In Coopoly, everyone wins or everyone loses. The people who participate must create a cooperative together to compete against the bank , acquiring along the way useful knowledge for real cooperativism. You can purchase Coopoly on this website .
Daybreak
This game called 'Daybreak', 'Alba' in Catalan, is a complex strategy game in which players promote technologies or policies to reduce pollution , to the point that reducing emissions to zero is the only way to win, while defeat can come in various ways, from a critical increase in temperature to the emergence of multiple climate crises.
The logic is cooperative, and each participant represents a global power to build resilient societies.
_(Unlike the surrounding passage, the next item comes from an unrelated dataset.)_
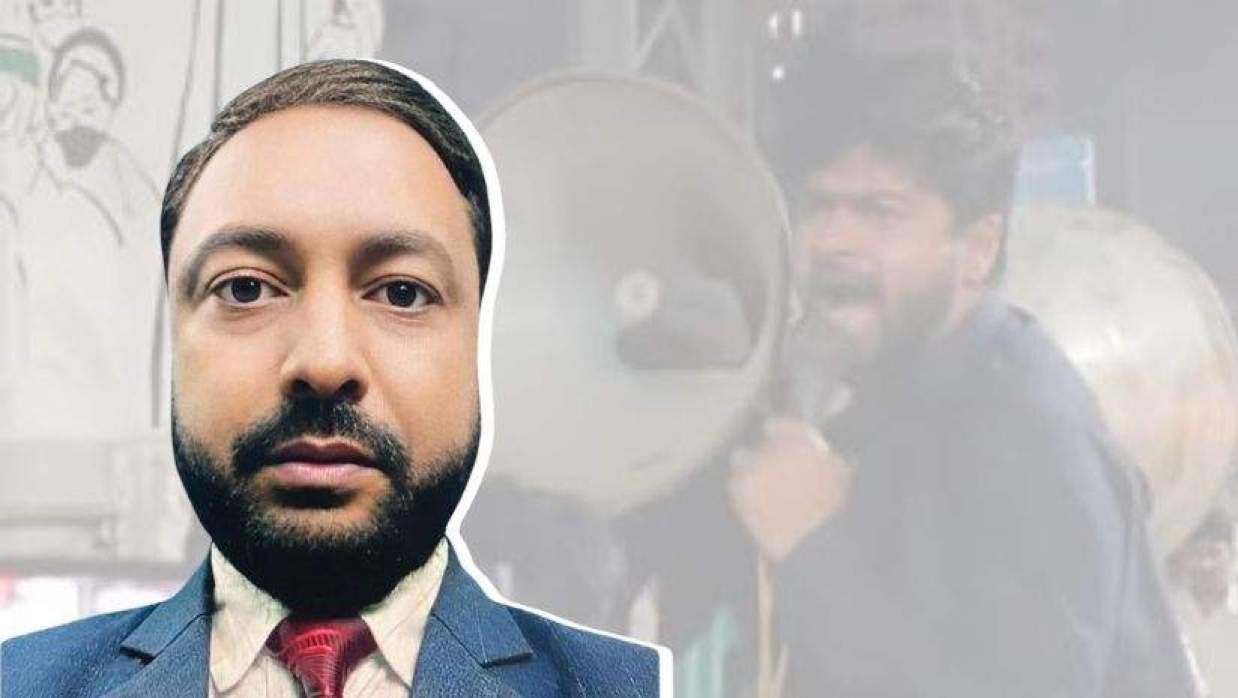 ভুক্তভোগী শিক্ষক মামুন অর রশিদ তালুকদার, ব্যাকগ্রাউন্ডে সেই ভিডিওর স্কিনশট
It is made up of cards that hide a wide variety of realities, from cities to methane removal. It is a very realistic game , which deals with issues of raging current events, such as heat waves or misinformation around fossil fuels.
Catan. New Energies
The classic strategy game has released an edition dedicated to climate change. 'Catan. New Energies', 'Catan. New Energies', maintains the same premise as the original , whoever expands the most wins, but in this edition the people who play it will have to build energy plants , which can be both fossil fuels and renewables . The former are cheaper and allow for faster expansion, but the pollution they emit affects societies throughout the game.
As in any Catan, in 'New Energies' the first person to reach 10 points wins , whether with one type of plant or another, but if all people collectively build too many fossil fuel plants, and pollution increases too much , the game ends, and at this point the person who has done the most for clean energy wins.